De volta aos velhos temas [tão banais], “vigas inacabadas miram o céu,/refletores desligados do estádio./na quase solidão do cimento esverdeado/vermelhas Monark’s velozes/inauguram cicatrizes, rachaduras no chão/na boca o gosto de limão/ - tradição desde 1957/ardor azedalaranjado/de um por-do-sol metálico/sísmicos abalos no meu peito/anoiteço ferrugem beira de calçada” (o entardecer baldio no terreno entre o Estádio Lindolfo Monteiro e o Verdão. pg.  17)

De volta à Chapa referenciada, “a banda tocou outro jazz/meu peito elétrico/sonhei contigo/noite inteira/Teresina, New York: Praça da Bandeira” (conversávamos na chapada iluminada. pg. 19) e,  novamente, à variação sobre o mesmo tema, o sensual noite aflora faunadentro/silêncio no afago de pernas/embaixo das mesas” (Ed. Silvestre Saraiva de Siqueira, Bar Canto Alegre. pg. 20), ou “(...) entre velhos discos novos amores/está o centro daquelas vidas naquele momento/alta noite vai quente/o sexo de todos entre as pernas,/também” (Clube do Vinil, 2010. pg. 21)

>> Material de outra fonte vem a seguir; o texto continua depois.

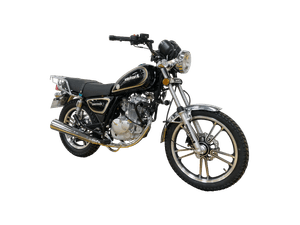 Moto Utilitaria Motor 1 Gne 151 Gs Negro 2026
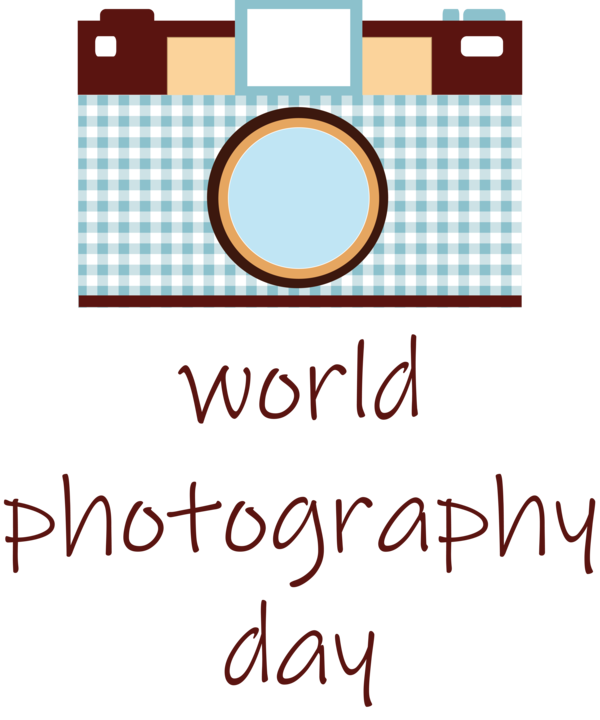 Transparent World Photography Day Royalty-free Cartoon for Photography Day for World Photography Day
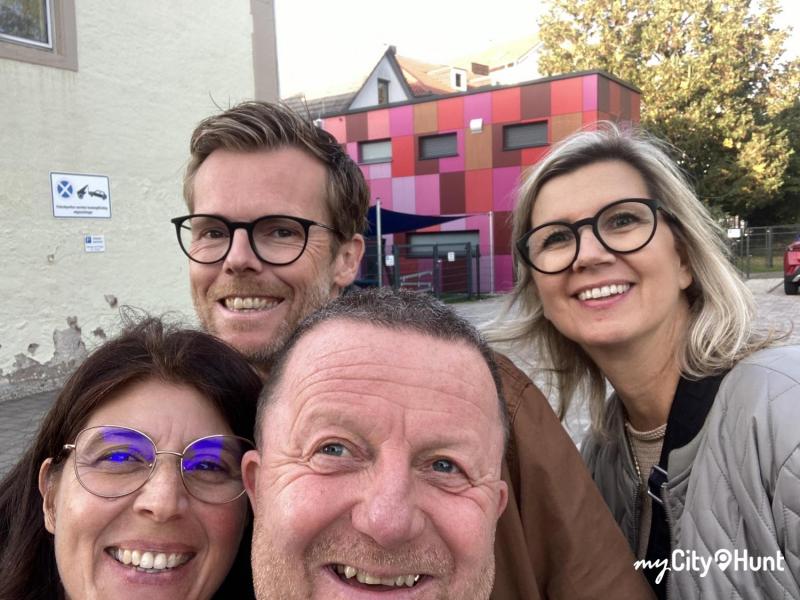 myCityHunt Schnitzeljagd 11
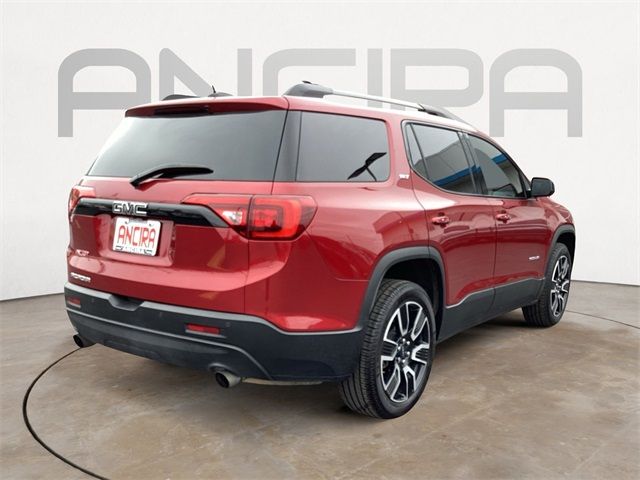 2019 GMC Acadia SLT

 E da expectativa (in)compensada, da presa vigiada ao testemunho da solidão não desejada, noites adentro guardam “contos”/”cantos” beirando fábula, sonhos e ou retrato sem Dorian, nem éden, “colírio meus olhos abertos/vermelhos teus pés descalços/cachorras palavras desertas (...)/rabisco teu nome parede/cerveja meu verso alado/faísca menina com sede/arisco retrato gelado (...)/alísio geral insone/teu corpo latido com rima/faísca menina com fome/--------/desisto do rastro caminho/termino o poema/sozinho” (colírio meus olhos abertos. pg. 22)

 O risco das palavras, arisco corajoso não cala, fala, estala sensações e imagens decantadas na verve dos subúrbios, periferias e urbanos versos poéticos. Assim se me deparo na recepção de zona franca de rodrigomleite. zonasub. teresina: editora paissandu, 2012. 23 páginas de licença convertida em poeta.